Segment Open

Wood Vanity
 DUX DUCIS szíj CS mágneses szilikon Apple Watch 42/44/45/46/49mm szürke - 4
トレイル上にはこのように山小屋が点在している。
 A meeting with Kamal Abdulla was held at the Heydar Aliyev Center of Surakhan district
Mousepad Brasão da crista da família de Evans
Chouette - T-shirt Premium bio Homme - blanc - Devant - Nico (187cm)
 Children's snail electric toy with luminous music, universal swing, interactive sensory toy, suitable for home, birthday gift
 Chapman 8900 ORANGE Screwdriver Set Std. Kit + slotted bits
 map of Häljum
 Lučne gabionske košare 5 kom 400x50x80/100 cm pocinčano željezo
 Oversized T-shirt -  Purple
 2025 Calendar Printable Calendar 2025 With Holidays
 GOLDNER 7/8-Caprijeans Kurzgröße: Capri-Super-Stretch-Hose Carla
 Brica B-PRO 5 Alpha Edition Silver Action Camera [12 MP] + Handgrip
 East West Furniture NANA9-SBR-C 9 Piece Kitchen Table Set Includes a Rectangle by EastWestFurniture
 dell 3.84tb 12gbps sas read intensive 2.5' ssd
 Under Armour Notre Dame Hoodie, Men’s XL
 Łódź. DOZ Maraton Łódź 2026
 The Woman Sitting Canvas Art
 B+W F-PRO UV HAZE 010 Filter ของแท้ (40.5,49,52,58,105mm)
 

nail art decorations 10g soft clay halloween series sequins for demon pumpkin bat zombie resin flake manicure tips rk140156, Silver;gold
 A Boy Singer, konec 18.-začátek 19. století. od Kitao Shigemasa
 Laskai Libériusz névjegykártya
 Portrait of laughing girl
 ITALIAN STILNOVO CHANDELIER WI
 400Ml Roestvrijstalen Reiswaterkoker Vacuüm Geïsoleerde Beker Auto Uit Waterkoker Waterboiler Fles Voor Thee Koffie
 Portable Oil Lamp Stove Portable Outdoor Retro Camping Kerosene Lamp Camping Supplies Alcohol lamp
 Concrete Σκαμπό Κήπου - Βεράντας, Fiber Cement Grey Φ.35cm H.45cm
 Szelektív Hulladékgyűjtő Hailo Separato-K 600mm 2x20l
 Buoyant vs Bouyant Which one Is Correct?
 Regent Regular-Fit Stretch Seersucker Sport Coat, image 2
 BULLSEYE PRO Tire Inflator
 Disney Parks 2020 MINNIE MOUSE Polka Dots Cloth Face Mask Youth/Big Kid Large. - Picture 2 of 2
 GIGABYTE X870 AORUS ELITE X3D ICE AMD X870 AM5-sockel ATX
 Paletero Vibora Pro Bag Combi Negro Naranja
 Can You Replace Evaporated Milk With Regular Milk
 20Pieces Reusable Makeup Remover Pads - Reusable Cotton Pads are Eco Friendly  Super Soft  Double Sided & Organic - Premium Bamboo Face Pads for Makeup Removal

Segment Closed

• **TASK DIRECTIONS**:
Return exactly the lines from the beginning of the data above through the one containing "Chouette - T-shirt", please. Include both end lines and add nothing else.

• **WRITTEN ANSWER**:
Wood Vanity
 DUX DUCIS szíj CS mágneses szilikon Apple Watch 42/44/45/46/49mm szürke - 4
トレイル上にはこのように山小屋が点在している。
 A meeting with Kamal Abdulla was held at the Heydar Aliyev Center of Surakhan district
Mousepad Brasão da crista da família de Evans
Chouette - T-shirt Premium bio Homme - blanc - Devant - Nico (187cm)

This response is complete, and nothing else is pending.